Start of Block

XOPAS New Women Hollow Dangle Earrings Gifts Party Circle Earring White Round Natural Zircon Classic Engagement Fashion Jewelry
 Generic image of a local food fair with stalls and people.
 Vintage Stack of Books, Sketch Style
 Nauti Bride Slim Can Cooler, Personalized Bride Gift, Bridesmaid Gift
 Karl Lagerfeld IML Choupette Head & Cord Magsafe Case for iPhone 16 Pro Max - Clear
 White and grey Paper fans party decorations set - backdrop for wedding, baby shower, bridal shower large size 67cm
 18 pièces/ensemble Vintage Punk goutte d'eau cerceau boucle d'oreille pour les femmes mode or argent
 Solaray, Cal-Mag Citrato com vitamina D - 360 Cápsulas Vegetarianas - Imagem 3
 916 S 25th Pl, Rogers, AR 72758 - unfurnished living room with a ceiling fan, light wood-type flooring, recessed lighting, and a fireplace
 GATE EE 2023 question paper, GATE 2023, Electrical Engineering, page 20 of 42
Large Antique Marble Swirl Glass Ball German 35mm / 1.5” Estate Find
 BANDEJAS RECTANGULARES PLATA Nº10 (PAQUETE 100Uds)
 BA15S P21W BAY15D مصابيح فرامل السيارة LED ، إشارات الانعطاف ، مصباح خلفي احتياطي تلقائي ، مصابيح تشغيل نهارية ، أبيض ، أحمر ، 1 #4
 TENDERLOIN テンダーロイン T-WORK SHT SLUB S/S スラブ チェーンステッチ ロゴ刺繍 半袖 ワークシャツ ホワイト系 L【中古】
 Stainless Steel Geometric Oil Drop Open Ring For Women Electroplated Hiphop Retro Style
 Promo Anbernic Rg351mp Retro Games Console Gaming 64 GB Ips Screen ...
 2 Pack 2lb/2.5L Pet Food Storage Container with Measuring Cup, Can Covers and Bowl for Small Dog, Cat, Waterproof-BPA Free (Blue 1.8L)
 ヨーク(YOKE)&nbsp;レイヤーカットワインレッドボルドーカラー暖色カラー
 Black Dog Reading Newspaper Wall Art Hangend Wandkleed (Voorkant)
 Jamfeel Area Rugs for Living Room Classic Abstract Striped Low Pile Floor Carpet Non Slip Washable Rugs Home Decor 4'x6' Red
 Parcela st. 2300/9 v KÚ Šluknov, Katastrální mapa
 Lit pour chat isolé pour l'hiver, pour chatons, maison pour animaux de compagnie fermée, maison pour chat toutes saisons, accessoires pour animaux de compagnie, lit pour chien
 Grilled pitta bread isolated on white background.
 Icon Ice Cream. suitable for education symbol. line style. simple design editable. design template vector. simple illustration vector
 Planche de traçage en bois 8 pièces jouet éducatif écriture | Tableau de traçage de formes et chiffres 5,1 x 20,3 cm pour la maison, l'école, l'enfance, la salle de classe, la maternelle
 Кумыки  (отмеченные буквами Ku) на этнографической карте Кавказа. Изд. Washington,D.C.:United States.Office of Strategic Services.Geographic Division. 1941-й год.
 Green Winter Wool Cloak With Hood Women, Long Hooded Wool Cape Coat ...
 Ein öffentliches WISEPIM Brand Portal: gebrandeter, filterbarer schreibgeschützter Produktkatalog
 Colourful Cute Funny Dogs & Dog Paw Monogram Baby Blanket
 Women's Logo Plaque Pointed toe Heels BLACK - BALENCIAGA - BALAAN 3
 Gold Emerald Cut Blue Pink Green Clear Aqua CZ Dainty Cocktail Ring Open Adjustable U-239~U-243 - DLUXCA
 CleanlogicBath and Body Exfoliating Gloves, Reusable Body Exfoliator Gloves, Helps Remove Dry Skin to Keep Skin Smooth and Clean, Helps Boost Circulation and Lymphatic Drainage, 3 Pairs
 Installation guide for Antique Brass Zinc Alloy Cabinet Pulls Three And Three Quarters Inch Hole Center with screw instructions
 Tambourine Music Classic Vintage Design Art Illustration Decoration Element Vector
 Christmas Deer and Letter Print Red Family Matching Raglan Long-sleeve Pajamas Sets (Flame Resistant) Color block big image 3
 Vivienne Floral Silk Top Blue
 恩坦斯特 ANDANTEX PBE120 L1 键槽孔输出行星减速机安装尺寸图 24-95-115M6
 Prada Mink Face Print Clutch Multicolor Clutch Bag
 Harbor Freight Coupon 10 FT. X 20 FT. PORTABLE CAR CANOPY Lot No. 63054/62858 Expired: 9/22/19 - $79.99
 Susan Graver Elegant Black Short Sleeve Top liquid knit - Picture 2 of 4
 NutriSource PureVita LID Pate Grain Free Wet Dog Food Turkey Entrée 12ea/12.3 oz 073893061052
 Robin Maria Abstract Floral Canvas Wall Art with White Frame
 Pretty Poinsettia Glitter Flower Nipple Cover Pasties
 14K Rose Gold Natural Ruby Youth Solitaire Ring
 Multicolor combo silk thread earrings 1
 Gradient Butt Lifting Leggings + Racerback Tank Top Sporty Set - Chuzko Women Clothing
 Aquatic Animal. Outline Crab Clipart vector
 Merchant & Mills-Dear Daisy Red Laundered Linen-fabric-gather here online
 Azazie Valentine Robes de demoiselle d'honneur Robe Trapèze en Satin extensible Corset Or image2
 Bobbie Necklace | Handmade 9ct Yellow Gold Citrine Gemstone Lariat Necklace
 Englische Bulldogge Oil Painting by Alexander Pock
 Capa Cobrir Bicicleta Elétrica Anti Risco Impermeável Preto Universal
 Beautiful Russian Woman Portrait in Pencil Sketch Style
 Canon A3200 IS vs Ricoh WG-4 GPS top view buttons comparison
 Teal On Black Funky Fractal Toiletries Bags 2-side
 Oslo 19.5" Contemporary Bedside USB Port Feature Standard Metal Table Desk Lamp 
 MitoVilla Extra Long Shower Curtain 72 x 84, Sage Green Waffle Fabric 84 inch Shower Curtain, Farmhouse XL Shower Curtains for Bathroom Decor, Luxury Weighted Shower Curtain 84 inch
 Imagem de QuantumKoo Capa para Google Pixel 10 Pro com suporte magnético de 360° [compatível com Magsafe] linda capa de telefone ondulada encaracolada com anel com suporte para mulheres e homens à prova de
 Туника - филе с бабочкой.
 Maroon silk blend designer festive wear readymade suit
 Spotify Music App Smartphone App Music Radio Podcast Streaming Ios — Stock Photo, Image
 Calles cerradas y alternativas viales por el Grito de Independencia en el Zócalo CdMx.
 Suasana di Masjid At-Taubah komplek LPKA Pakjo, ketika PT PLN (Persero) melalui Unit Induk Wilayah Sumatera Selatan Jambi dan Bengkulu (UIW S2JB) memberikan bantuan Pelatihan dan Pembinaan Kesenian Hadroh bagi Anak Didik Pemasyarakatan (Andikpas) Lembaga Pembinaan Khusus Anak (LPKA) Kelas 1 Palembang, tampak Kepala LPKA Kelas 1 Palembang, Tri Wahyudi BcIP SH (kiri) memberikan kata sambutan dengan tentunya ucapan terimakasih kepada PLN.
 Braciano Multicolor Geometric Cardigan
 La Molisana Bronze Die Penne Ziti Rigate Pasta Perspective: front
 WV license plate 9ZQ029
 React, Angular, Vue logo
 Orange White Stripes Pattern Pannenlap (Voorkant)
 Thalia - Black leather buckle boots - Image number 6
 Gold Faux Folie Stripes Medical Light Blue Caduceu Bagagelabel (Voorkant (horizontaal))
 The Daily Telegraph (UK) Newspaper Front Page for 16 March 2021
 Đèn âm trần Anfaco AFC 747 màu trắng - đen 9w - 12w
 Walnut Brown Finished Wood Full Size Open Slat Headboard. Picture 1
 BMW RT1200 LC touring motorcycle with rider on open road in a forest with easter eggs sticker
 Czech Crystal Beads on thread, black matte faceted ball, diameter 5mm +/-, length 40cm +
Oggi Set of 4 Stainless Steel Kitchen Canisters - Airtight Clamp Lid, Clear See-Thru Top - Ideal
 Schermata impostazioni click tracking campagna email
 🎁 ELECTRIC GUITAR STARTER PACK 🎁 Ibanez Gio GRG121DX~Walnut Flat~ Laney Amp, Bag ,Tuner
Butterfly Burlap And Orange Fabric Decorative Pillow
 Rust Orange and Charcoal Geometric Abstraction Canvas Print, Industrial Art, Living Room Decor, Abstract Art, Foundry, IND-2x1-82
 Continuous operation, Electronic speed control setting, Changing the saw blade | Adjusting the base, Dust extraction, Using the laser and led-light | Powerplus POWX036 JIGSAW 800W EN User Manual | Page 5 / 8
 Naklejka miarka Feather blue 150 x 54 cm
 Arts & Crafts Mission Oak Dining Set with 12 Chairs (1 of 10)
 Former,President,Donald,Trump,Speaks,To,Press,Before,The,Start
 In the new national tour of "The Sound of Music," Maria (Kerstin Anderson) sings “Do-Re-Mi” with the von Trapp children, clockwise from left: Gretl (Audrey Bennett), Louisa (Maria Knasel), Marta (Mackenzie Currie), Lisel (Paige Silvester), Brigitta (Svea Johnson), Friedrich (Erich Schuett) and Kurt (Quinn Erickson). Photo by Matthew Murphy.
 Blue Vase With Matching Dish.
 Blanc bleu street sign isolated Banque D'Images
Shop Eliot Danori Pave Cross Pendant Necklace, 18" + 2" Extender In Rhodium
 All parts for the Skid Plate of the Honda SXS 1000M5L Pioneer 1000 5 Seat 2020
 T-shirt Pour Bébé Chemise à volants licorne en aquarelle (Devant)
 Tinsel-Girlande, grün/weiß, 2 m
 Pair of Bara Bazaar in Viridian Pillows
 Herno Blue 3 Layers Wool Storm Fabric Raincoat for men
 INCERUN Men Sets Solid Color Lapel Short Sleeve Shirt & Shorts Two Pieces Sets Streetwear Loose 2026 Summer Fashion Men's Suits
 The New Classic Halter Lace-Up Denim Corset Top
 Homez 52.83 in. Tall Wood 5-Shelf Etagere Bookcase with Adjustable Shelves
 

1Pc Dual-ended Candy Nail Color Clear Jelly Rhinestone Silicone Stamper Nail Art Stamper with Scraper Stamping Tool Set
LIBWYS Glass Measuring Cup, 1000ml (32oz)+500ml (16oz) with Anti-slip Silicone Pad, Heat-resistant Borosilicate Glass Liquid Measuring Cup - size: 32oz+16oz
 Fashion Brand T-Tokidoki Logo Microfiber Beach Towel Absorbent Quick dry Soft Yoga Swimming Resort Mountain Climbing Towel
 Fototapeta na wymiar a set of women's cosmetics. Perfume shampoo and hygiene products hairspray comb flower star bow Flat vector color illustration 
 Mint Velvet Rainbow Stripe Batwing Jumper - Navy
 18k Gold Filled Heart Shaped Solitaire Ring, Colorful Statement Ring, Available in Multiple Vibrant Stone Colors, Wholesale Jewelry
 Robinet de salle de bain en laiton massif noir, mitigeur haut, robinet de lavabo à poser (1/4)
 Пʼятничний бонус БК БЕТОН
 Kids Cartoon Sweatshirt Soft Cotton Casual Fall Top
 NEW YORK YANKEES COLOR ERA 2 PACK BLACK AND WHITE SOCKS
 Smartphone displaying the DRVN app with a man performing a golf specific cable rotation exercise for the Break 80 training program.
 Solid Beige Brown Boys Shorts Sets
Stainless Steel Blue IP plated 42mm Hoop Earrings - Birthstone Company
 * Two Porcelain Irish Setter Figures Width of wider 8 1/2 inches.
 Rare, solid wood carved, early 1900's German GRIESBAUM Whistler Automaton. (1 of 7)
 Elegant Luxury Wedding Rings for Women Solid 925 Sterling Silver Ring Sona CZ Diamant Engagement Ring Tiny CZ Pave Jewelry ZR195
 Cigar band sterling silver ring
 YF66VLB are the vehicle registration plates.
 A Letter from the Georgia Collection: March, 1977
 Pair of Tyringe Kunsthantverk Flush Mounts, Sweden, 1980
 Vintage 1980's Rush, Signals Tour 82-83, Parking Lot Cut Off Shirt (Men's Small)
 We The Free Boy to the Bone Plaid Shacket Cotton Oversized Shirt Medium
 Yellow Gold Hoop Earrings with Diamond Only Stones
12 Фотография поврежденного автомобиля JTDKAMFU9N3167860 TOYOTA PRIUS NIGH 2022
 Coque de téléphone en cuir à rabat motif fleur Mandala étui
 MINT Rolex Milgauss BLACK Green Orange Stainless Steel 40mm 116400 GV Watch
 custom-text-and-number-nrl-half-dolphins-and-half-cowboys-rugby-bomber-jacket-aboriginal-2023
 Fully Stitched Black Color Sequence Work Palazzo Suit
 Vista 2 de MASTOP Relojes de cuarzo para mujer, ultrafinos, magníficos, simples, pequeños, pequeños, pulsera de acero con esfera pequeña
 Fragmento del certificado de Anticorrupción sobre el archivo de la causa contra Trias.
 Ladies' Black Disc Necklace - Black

End of Block

Which lines of the data contain the word "Gold"? Copy each one.

#### Reply to the exercise:
 Gold Emerald Cut Blue Pink Green Clear Aqua CZ Dainty Cocktail Ring Open Adjustable U-239~U-243 - DLUXCA
 14K Rose Gold Natural Ruby Youth Solitaire Ring
 Bobbie Necklace | Handmade 9ct Yellow Gold Citrine Gemstone Lariat Necklace
 Gold Faux Folie Stripes Medical Light Blue Caduceu Bagagelabel (Voorkant (horizontaal))
 18k Gold Filled Heart Shaped Solitaire Ring, Colorful Statement Ring, Available in Multiple Vibrant Stone Colors, Wholesale Jewelry
 Yellow Gold Hoop Earrings with Diamond Only Stones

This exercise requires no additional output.